## WORK TO BE COMPLETED:
Below are records. Find each line in them that holds the word "with" and copy it.

[Short descriptive text snippets]

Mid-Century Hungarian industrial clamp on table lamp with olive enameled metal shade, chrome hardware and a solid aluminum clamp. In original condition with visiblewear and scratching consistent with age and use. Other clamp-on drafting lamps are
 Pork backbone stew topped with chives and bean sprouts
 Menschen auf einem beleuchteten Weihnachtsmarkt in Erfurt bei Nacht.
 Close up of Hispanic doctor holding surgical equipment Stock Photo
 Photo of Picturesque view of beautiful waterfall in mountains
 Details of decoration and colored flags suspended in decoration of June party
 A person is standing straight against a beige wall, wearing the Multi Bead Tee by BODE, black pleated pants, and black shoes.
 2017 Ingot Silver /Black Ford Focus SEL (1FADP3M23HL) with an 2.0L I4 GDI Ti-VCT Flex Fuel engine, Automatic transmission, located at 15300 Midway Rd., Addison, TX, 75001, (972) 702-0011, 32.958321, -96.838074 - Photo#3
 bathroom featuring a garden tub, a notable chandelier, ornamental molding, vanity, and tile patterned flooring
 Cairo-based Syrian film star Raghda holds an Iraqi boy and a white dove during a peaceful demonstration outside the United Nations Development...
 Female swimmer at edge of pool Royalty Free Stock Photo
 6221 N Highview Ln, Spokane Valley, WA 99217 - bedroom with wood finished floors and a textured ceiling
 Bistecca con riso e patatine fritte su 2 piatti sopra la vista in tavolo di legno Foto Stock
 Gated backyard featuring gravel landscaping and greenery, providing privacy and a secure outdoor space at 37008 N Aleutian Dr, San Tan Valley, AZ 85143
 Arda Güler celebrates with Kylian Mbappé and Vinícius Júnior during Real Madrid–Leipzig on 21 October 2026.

## OUTPUT FOR THIS TASK:
Mid-Century Hungarian industrial clamp on table lamp with olive enameled metal shade, chrome hardware and a solid aluminum clamp. In original condition with visiblewear and scratching consistent with age and use. Other clamp-on drafting lamps are
 Pork backbone stew topped with chives and bean sprouts
 2017 Ingot Silver /Black Ford Focus SEL (1FADP3M23HL) with an 2.0L I4 GDI Ti-VCT Flex Fuel engine, Automatic transmission, located at 15300 Midway Rd., Addison, TX, 75001, (972) 702-0011, 32.958321, -96.838074 - Photo#3
 6221 N Highview Ln, Spokane Valley, WA 99217 - bedroom with wood finished floors and a textured ceiling
 Arda Güler celebrates with Kylian Mbappé and Vinícius Júnior during Real Madrid–Leipzig on 21 October 2026.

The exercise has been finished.